#21 2009-12-22 23:16

Andrew
Senior Member
Registered: 2008-05-22
Posts: 542

Re: RegEx to extract first letter of every words in a song name

Hmm, seems ReNamer's Unicode support isn't 100% yet, since it displays and saves PascalScript as ANSI and not Unicode. Those characters which don't have an ANSI equivalent end up as ? and there seems to be nothing we can do about it for now. sad

ThanhLoan, looks like this is the best you can do for now:

var
  i: Integer;
  Parts: TStringsArray;
  FirstChar, FirstChars: WideString;

begin
  Parts := WideSplitString(ReplaceRegEx(WideExtractBaseName(FileName), '.*-', '', false, false), ' ');
  for i := 0 to Length(Parts)-1 do
  begin
    FirstChar := WideCopy(Parts[i], 1, 1);
    if(FirstChar = 'Ð') then FirstChar := 'D'; // Add more such lines as required for the supported Unicode characters
    FirstChars := FirstChars + FirstChar;
  end;
  FileName := WideExtractBaseName(FileName)+'-'+FirstChars+WideExtractFileExt(FileName);
end.

For the other Unicode characters, maybe there is a way to represent them in some other form in PascalScript (such as \u1EC4 etc.) Let's wait and see what Denis says.

Offline

#22 2009-12-23 04:42

ThanhLoan
Member
Registered: 2009-12-17
Posts: 17

Re: RegEx to extract first letter of every words in a song name

Thank you Stefan and Andrew for your care about my problem...
I'll wait to hear from Denis then...
Have a very pleasant Holiday Season...

Offline

#23 2009-12-23 11:21

Stefan
Moderator
From: Germany, EU
Registered: 2007-10-23
Posts: 1,161

Re: RegEx to extract first letter of every words in a song name

Andrew wrote:

Hmm, seems ReNamer's Unicode support isn't 100% yet,

I think this was already know as an search for 'unicode' shows:
http://www.den4b.com/forum/viewtopic.php?id=597
http://www.den4b.com/forum/viewtopic.php?id=601
http://www.den4b.com/forum/viewtopic.php?id=704

 

I think it would help if an requester would provide which unicode code page he
use to display the chars/glyphs right on his system.
So we can set
"Control Panel -> Regional and Language Options -> Advanced tab -> set <lang> as a default language for non-Unicode programs"

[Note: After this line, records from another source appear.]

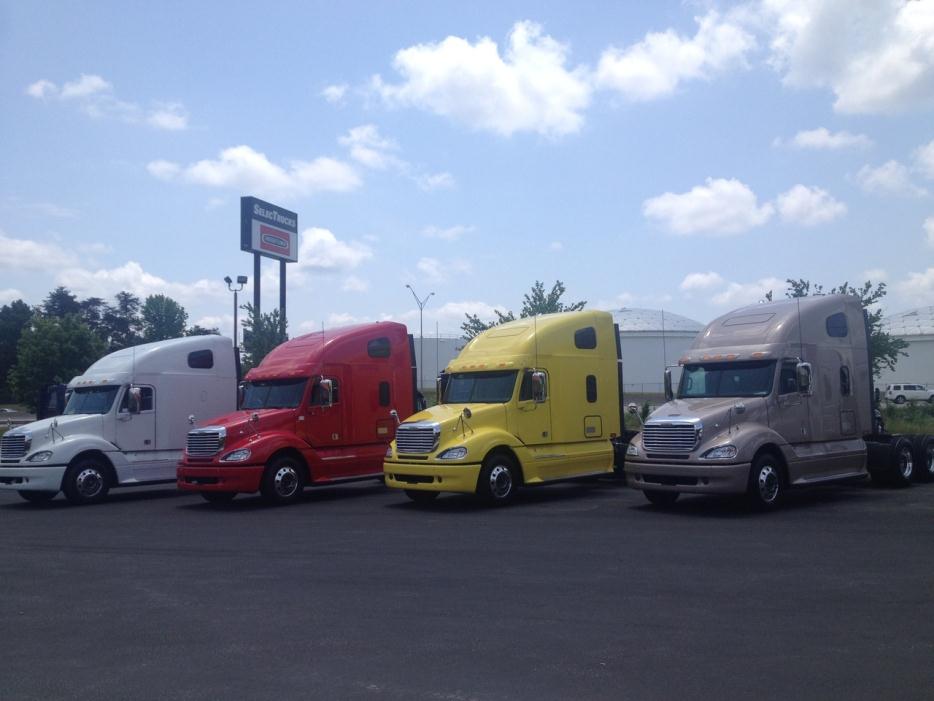 2015 Freightliner Columbia Cl12064st  Conventional - Sleeper Truck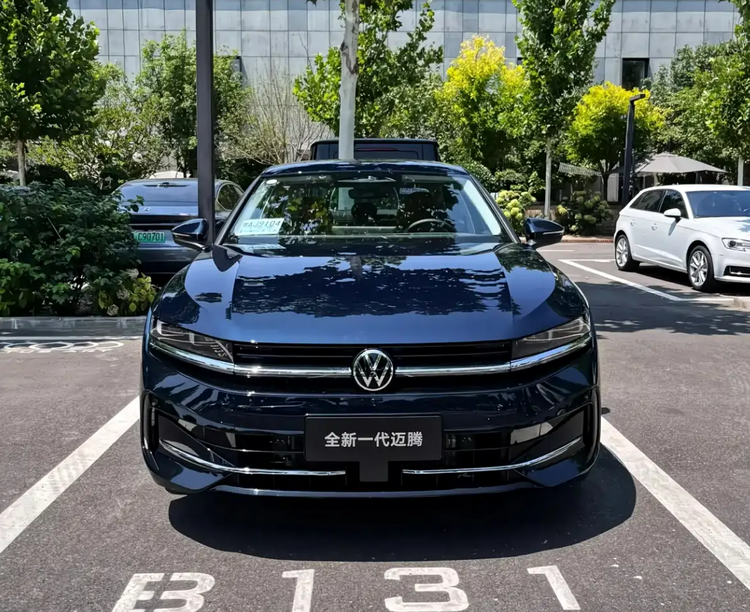 华为HiCar+5.8L低油耗！2026款迈腾B9深度解读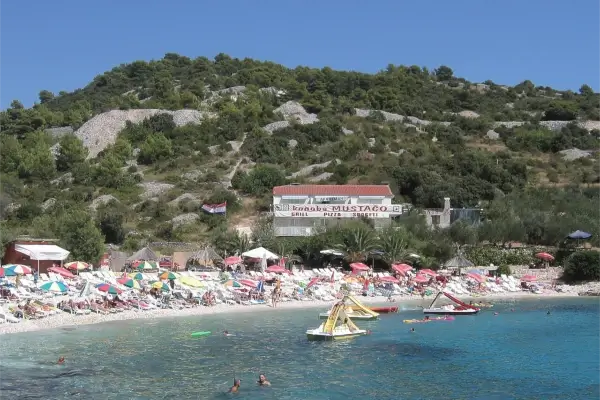 Der Pokonji Dol Strand an der Pokonji Dol Bucht Nahe der Stadt Hvar, mit klarem Wasser und Kieselstrand.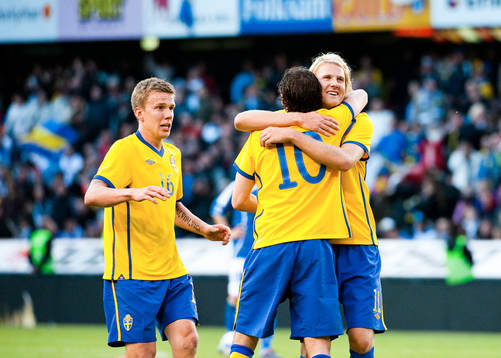 Pontus Wernbloom och Ola Toivonen möter upp Marcus Berg,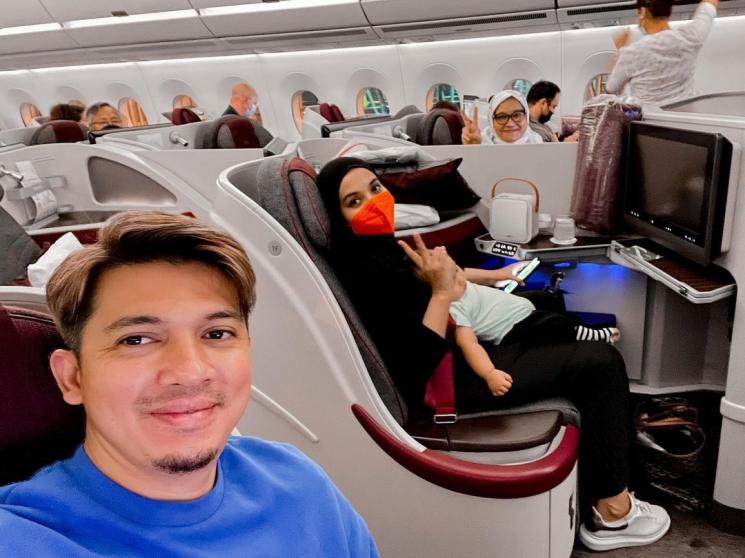 Irwansyah ajak Baby Ukkasya ke luar negeri. (Instagram/@irwansyah_15)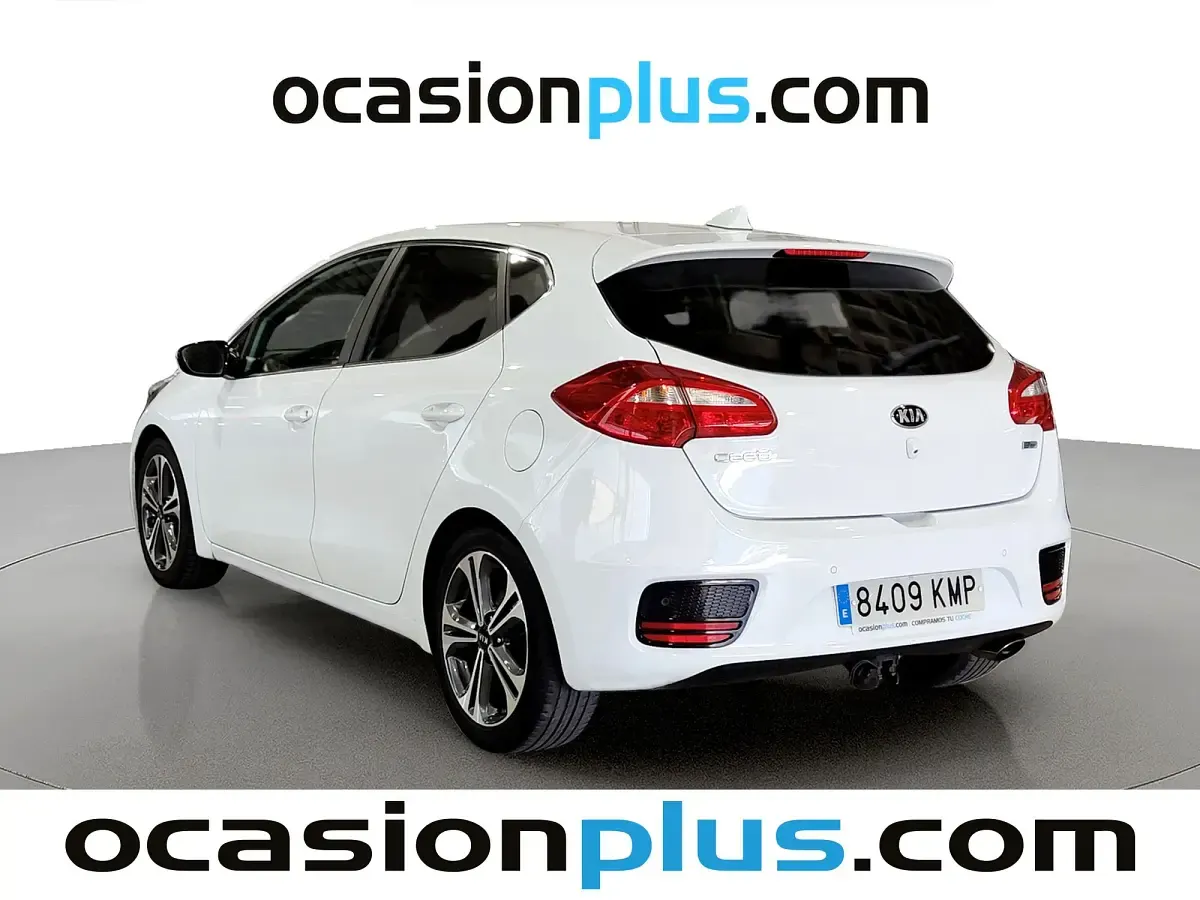 Begagnad Kia Ceed 120 HK (88 kW) 2018 Vit Halvkombi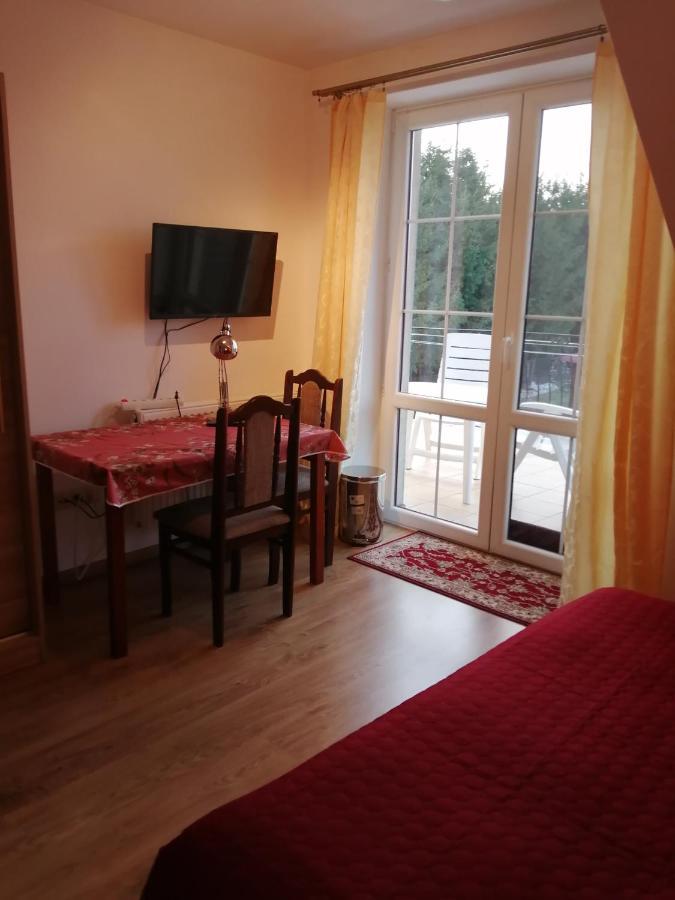 Agroturystyka U Izabelli Niemce Exteriör bild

Loan, can you provide some more unicode file names? Not more then 10.


In my code at http://www.den4b.com/forum/viewtopic.php?pid=4134#p4134
the pasted example file name of Loan shows '?' too, i don't know how i had do that.
As i tried now i can handle this unicode name fine:
Asia Karaoke 49_14-Chí Tâm+Ngọc Huyền-Tạ Từ Trong Đêm Dtest Tân Cổ Giao Duyên.mkv

EDIT: i found out why this happens: when i copy the string from pascal script window
into this forum, the unicode signs are replaced by '?' signs.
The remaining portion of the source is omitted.